The overall structure is a 2-inch square aluminum extrusion, with a hole in the top that matches the right-angle SO-239 base connector salvaged from the Diamond mount and a 1/2″ nylon stiffener plate in the middle. A pair of relentlessly square circumferential clamps attach it firmly to the top seatback rail. A coaxial cable pigtail ensures that the antenna base makes good electrical contact with the seat. I’m not convinced the bike makes a good counterpoise, so we’re now using dual-band antennas that are half-wave on VHF.
Stainless-steel hardware holds everything together, as I’m sick and tired of rust.
Not having a huge drill, I helix-milled the SO-239 hole, then reached down through the box to drill the hole for the plastic block retainer screw. Flip the box in the vise, drill four holes for the clamps (I love manual CNC for that sort of thing), manually deburr the holes, and it’s done.
The block of plastic is a tight slip fit inside the box extrusion, with slightly rounded corners to suit. I milled the slot across the top to a slip fit around the SO-239 connector.
The two clamps were the most intricate part of the project and got the most benefit from CNC.
The clamp hole must have exactly the same diameter as the seat top tube. I helix-milled the hole to an ordinary 5/8″; I have trouble drilling holes that large precisely in the right spot with the proper final diameter. Milling takes longer, but the results are much better.
Helix-mill the other block while you have the position set up, then flip and reclamp to drill the pair of holes that match the box extrusion. Drill 10-32 clearance (#9) all the way through.

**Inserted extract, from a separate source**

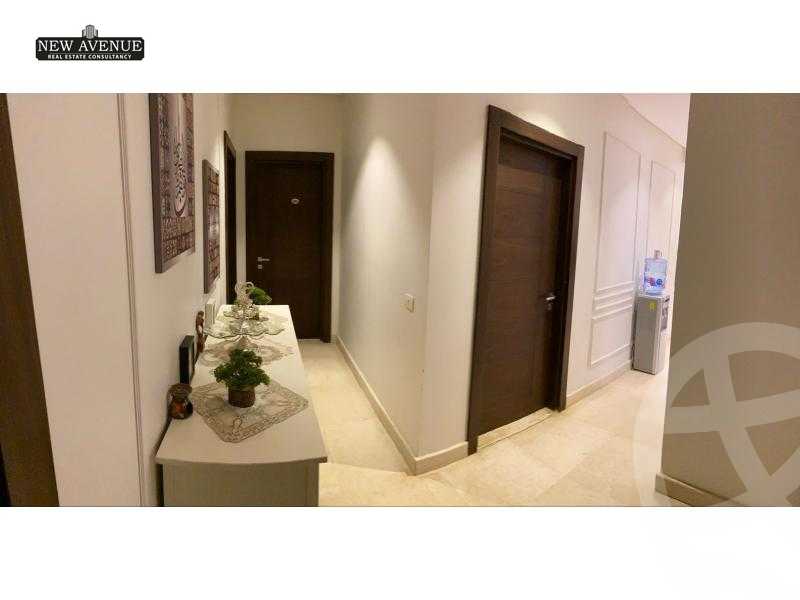 https://aqarmap.com.eg/ar/listing/5606856-for-sale-cairo-new-cairo-compounds-ninety-avenue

Bandsaw the blocks in half, paying some attention to getting the cut exactly along the midline, then flycut the cut edge to make it nice & shiny & even. That should result in 1 or 2 mm of slit between the blocks when they’re clamped around the seat rail.
Break those relentlessly sharp edges & corners with a file.
I finagled the dimensions so a 1-1/2″ socket-head cap screw would have just enough reach to fill a nut, with washers under the screw and nut. Your mileage may vary; I’ve gotten reasonably good at cutting screws to length.
Normally, you tap one side of each clamp for the screws, but in this situation I didn’t see much point in doing that: the box must attach firmly to the clamps and I was going to need some nuts in there anyway.
With all those parts in hand, assembly is straightforward. Secure the SO-239 with its own thin nut, screw the plastic block in place, hold the clamps around the seat bar, poke the cap screws through, dab some Loctite on the threads, install nuts, and tighten everything. That all goes much easier with four hands!
The grounding braid fits into a huge solderless connector that must have been made with this application in mind. It originally fit a 1/2″ lug, but with enough meat that I could gingerly file it out to 5/8″ to fit the SO-239 inside the aluminum extrusion. I’ve had those connectors for years without knowing what they were for!